Slade House - David Mitchell

Slade House

By David Mitchell

  • Release Date: 2015-10-27
  • Genre: Literary Fiction
Score: 4
4
From 229 Ratings

The New York Times bestseller by the author of The Bone Clocks and Cloud Atlas Named One of the Best Books of the Year by San Francisco Chronicle, NPR, Los Angeles Times, The Guardian, The Telegraph, National Post, BookPage, and Kirkus Reviews

Keep your eyes peeled for a small black iron door.

Down the road from a working-class British pub, along the brick wall of a narrow alley, if the conditions are exactly right, you’ll find the entrance to Slade House. A stranger will greet you by name and invite you inside. At first, you won’t want to leave. Later, you’ll find that you can’t. Every nine years, the house’s residents—an odd brother and sister—extend a unique invitation to someone who’s different or lonely: a precocious teenager, a recently divorced policeman, a shy college student. But what really goes on inside Slade House? For those who find out, it’s already too late. . . .

Spanning five decades, from the last days of the 1970s to the present, leaping genres, and barreling toward an astonishing conclusion, this intricately woven novel will pull you into a reality-warping new vision of the haunted house story—as only David Mitchell could imagine it.

Praise for Slade House

“A fiendish delight . . . Mitchell is something of a magician.”The Washington Post

“Entertainingly eerie . . . We turn to [Mitchell] for brain-tickling puzzle palaces, for character studies and for language.”Chicago Tribune

“A ripping yarn . . . Like Shirley Jackson’s Hill House or the Overlook Hotel from Stephen King’s The Shining, [Slade House] is a thin sliver of hell designed to entrap the unwary. . . . As the Mitchellverse grows ever more expansive and connected, this short but powerful novel hints at still more marvels to come.”San Francisco Chronicle

“Like Stephen King in a fever . . . manically ingenious.”The Guardian (U.K.)

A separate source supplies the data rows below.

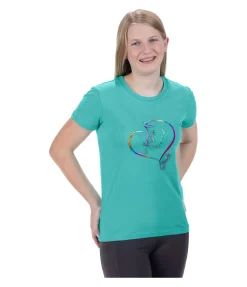 Online T-shirt enfant Ruby Enfant T-Shirts À Manches Courtes Enfants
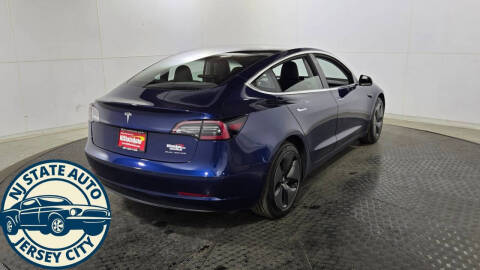 2018 Tesla Model 3 Performance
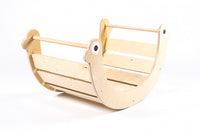 Spectra Rocker Naturel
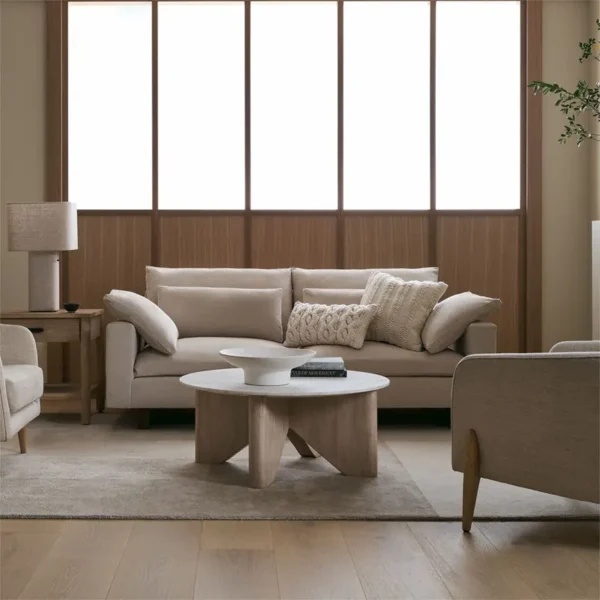 Moni Straight Sofa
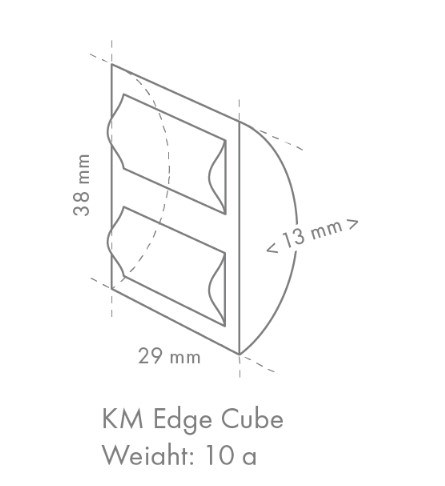 may lam da hinh ban nguyet hoshizaki km-40c-hc-w hinh 2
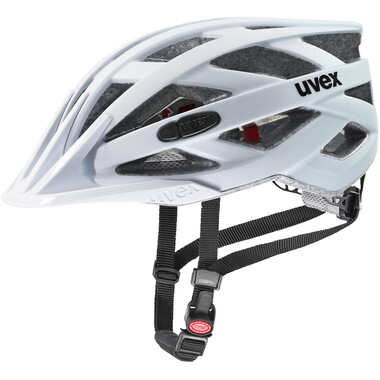 MTB-Helm UVEX I-VO CC Weiß/Blau 2023 0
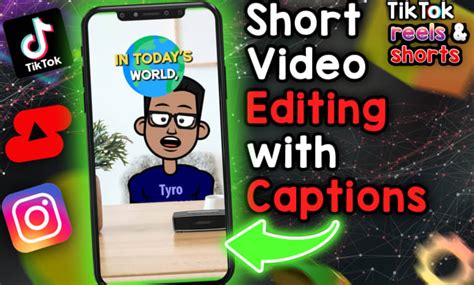 Add Perfect Animated Captions To Your Tiktoks Shorts Reels By Trexx0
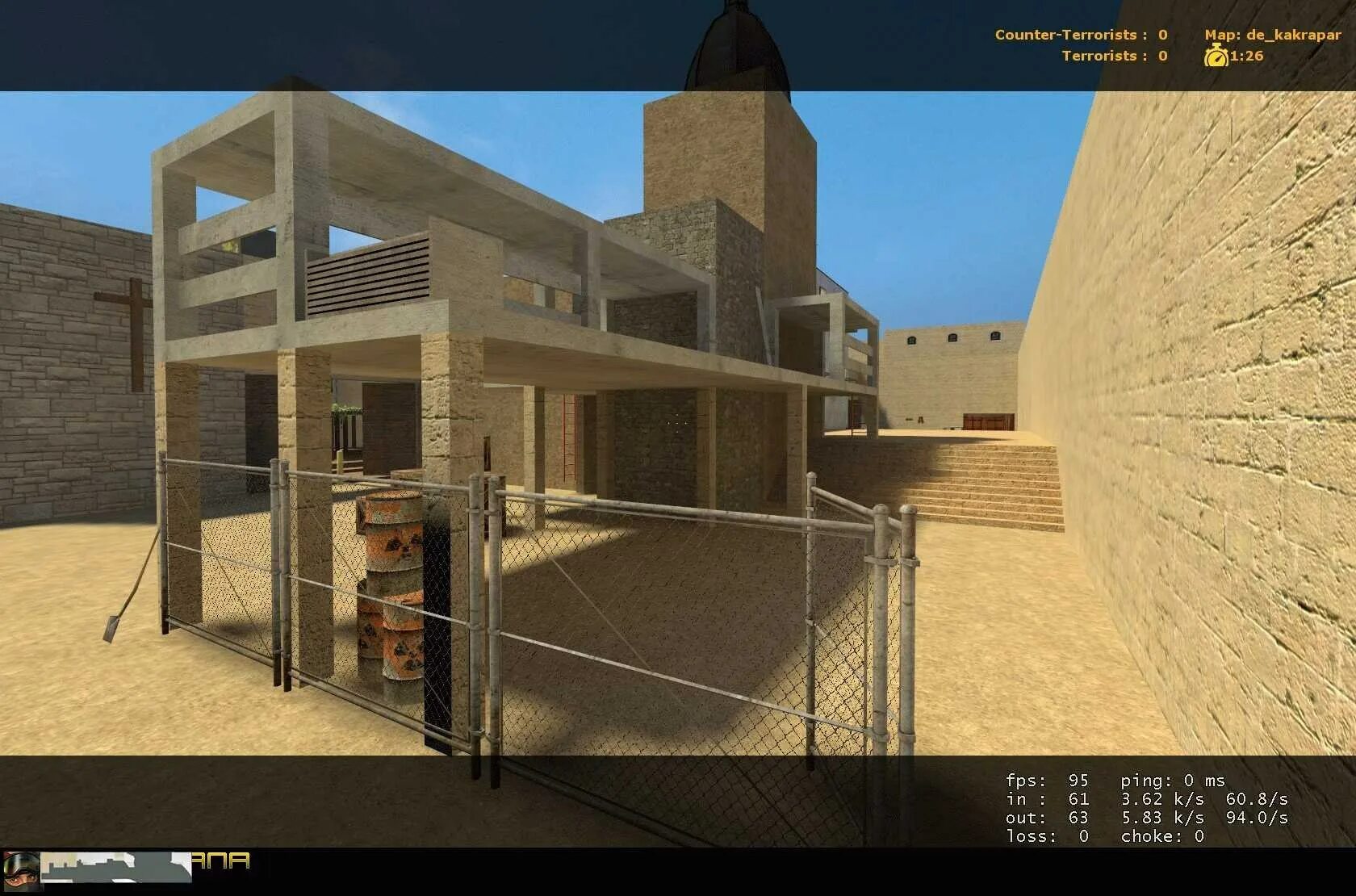 Cs context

“A haunted house story that savors of Dickens, Stephen King, J. K. Rowling and H. P. Lovecraft, but possesses more psychic voltage than any of them.”Pittsburgh Post-Gazette

“Tightly crafted and suspenseful yet warmly human . . . the ultimate spooky nursery tale for adults.”The Huffington Post

Comments:

12 Comments
Taylor Mackenzie
Amazing! I love this site
Aston Ayers
Only Signup is easy and free, finally I can read this book Slade House with good quality. Thank you!
Ashley Ann
Been waiting to download this book for months. and finally came out too
Cheryl Lynn
This book Slade House is very nice, with quick read and download
Erin Cochran Cole
Great selection and quality is better than many Book Store, no kidding.
Kyle Magner
yes, i am also through this to download books
Eric Mn
Yes this really works! Just got my free account
Terry Barnes
One of the best book I've seen this year!
Pastor Shahuano
Excited, Happy Reading guys !!!
Laura Velez Garcia
Thanks, I'm so glad to be reading this book
Wouter van der Giessen
Laura Velez Garcia yes same me too
Janet McCann
Sign up was really easy. Less than 1 minute I was hooked up

Reviews

  • Amazing - once again!

    5
    By BasilBaker
    David Mitchell is THE modern novelist that will be read forever more.
  • Much Better than The Boneclocjs

    4
    By jscann
    I hadn't planned on reading this since The Boneclocks was such an awful book and this novel is set in the same world. But this novel's smaller scope succeeds where the grandiose nonsense of The Boneclocks failed. This novel reads more like a detective fiction than like some epic battle between good and evil. That tight structure and small world turn out to be much more powerful than the sprawling mess of The Boneclocks.
  • Dream in the daytime

    5
    By SparkleCookie
    This book was really interesting, loved the dreamlike stages. Wasn't crazy about how it ended but loved the ride.
  • An Injustice

    4
    By Incnable
    Suggesting this work is appropriate as it relates to certain calendar coincidences is facile, shallow and inappropriate. While this is not as expansive as his previous works it is a wonderful read, slightly disconcerting and another affirmation of the talent this writer possesses.